Dumb Phrases I Refuse to Google

And now, a series of phrases that confuse me but I have yet to bother looking up the origin of – 

“Shit-eating grin”

What even is a shit-eating grin? If I had to describe a shit-eating grin, I don’t think I could. Like, I don’t think I could draw one. It’s just a term I use to describe a grin that does not express a contagious-type of happiness. Plus I can’t draw. So whatever. 

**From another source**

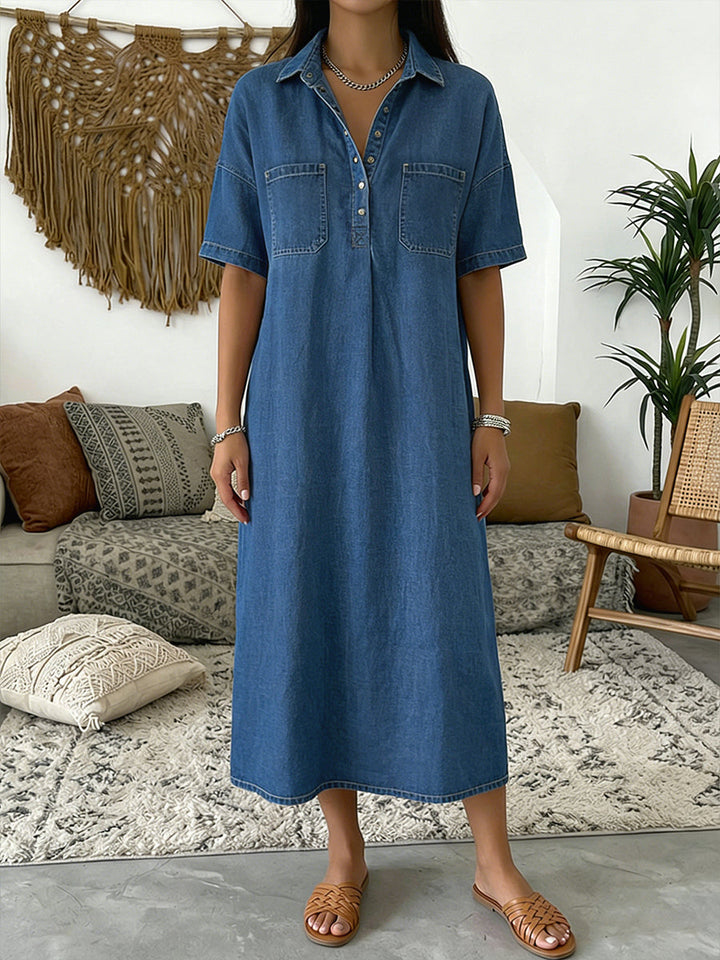 Women’s Denim Midi Shirt Dress Linen Mix Short Sleeve Casual Tunic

“Fresher than a motherfucker” 

Literally, ew. But in terms of cultural context, when you call someone a motherfucker, it’s typically a bad thing, right? When you’re reading character dialogue and someone says, “You motherfucker!” -there’s a definite tone of anger in their voice, they despise them! And to be fresher than someone or something is to be better than them – being of a higher current social status. But isn’t everyone better than motherfuckers? They already suck!

Help me, Chris Brown, you’re my only hope.

#OhWaitDon’tIHateYou

#OhWaitDon’tIHateYou

“Sick as a dog” 

My dogs have always been the picture of health. Until they die. Actually, that whole downward spiral is really sad to watch. 

…oh.

FiddlerFiddler

…so is THIS a shit-eating grin?

“Fit as a fiddle” 

I don’t actually care about this phrase. I never use it, nor do I care where it came from. The unhealthy dog reminded me of it though, and it made me laugh. Animals = sick, but inanimate objects are right as rain. Right as rain. Oh my god, this could go on all day. 

“First annual” 

This is not actually confusing – simply infuriating. Having been trained in the ancient and most-respected art of journalism, it is a FACT that there is no such thing as a first annual anything. Annual defines a recurring event, and if something is happening for the first time, intent aside, there’s nothing annual about it. 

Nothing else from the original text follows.